* [Task] Word for word, please restate the line that contains "Herbarium kökshandduk Stig" and all lines after it through the end of the material, minus the pictures.

* [Data excerpt]
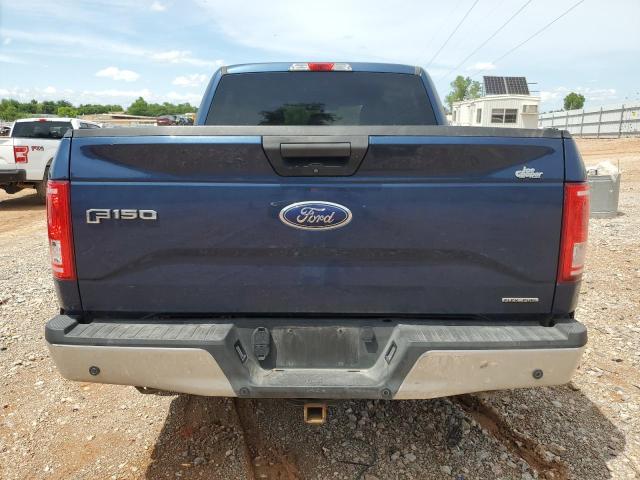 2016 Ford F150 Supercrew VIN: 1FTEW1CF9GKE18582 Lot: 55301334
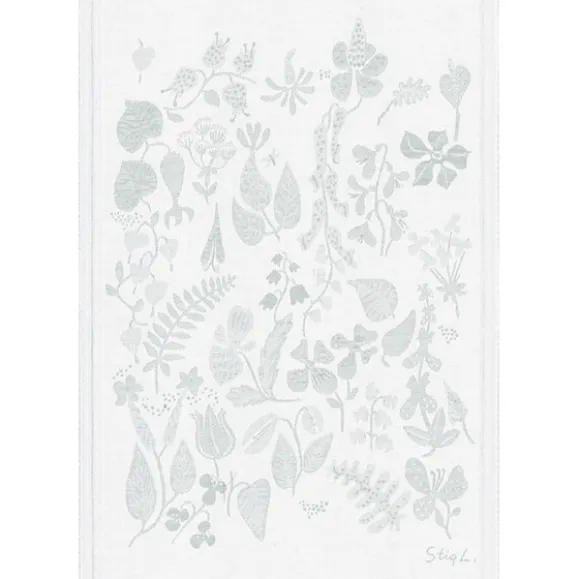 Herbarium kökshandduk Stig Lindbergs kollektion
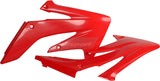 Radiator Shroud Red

* [Exercise solution]
 Herbarium kökshandduk Stig Lindbergs kollektion
 Radiator Shroud Red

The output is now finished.